■ **Information supplied**
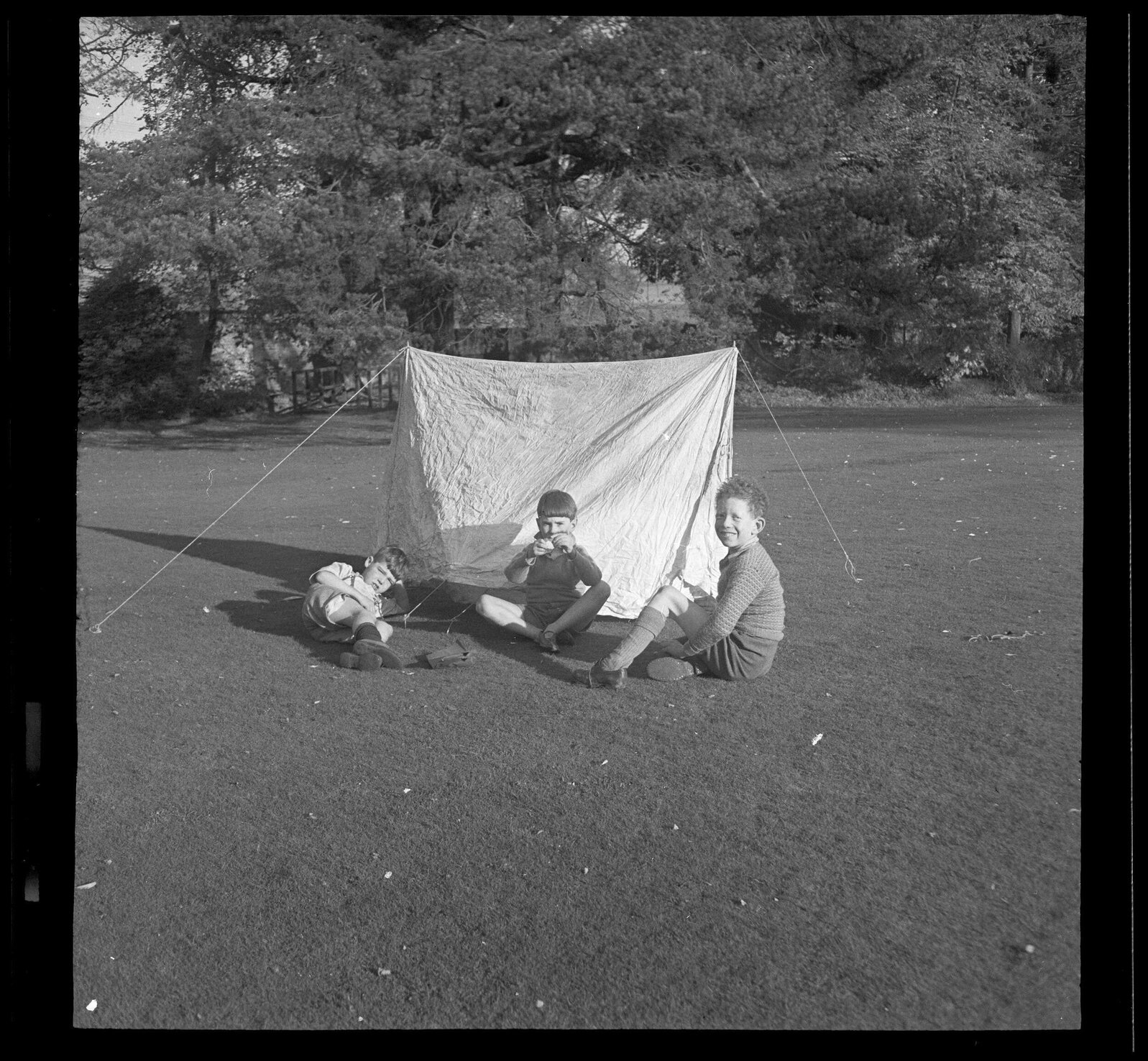 'Michael, Vernon, Robert Petherwick' with tent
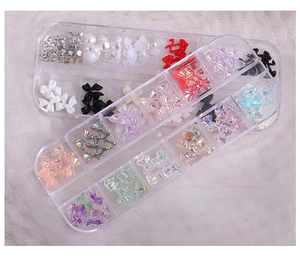 Macro shot of 3D aurora crystal nail charms in a multi-grid storage case set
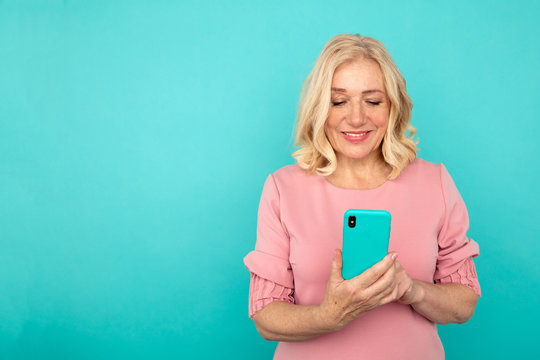 Happy Mature Woman With Mobile Isolated Over The Blue Background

■ **Work order**
Transcribe the full listing above exactly, with the images removed.

■ **Result of this exercise**
 'Michael, Vernon, Robert Petherwick' with tent
 Macro shot of 3D aurora crystal nail charms in a multi-grid storage case set
 Happy Mature Woman With Mobile Isolated Over The Blue Background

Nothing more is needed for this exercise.